How do I produce an ATLAS coverage report for a CISO or auditor?

Four steps: enumerate agents from a runtime-derived inventory, run the matrix per agent producing a per-surface coverage line, aggregate into program-level coverage, feed the result into the surface coverage and stack depth axes of the maturity grid. The report names the technique, the signal source, and the responsible program (runtime, posture, or lifecycle) per technique — explicit boundaries hold up better than universal claims.

Do I need to instrument all 84 ATLAS techniques?

No. Only the runtime-evidenced bucket — roughly sixty to seventy percent of agent-relevant techniques — falls to the runtime detection program. The posture-evidenced bucket belongs to CSPM and CIEM tools that read configuration state. The lifecycle-evidenced bucket belongs to supply-chain scanning and training-data integrity controls. A credible report names which program owns which technique.

How often should I rerun the ATLAS coverage matrix?

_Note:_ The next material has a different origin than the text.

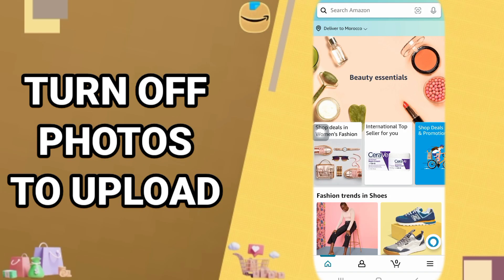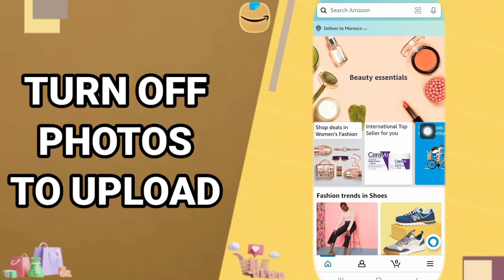Hi guys, today we will talk about how to turn off photos to upload on your Amazon shopping. We will go to turn off this mark. Now how can you do that on your shopping app or Amazon app?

Re-run when ATLAS publishes a new version (the v5.1.0 to v5.4.0 cadence was four months), when the agent fleet changes meaningfully (new deployments, new tool integrations, new orchestration framework), or on the audit cadence the CISO or auditor requests. The matrix is cheap to rerun once the signal-source mapping is documented; what changes between versions is usually the technique inventory, not the surface mapping.

Should I produce ATLAS coverage and OWASP LLM Top 10 coverage as separate reports or one combined report?

Separate. ATLAS answers the auditor’s question (“do we detect adversary techniques”) with a technique-level coverage list. OWASP LLM Top 10 answers the governance question (“have we addressed prioritized risks”) with a risk-category coverage list. Combining them blurs both — the auditor gets a fuzzy answer on technique coverage, governance gets a fuzzy answer on risk treatment. Two reports, two audiences, two reusable artifacts.

Can I use the matrix for red team exercises against my own agents?

Yes. The runtime-evidenced bucket becomes the test plan directly — each technique is a scenario the red team executes against a non-production agent, and the matrix predicts which surface should fire and which layer should assemble the alert. Lifecycle-bucket techniques require separate red-team methodology (training-data injection, supply-chain compromise simulation) that runs at build and training time rather than at runtime.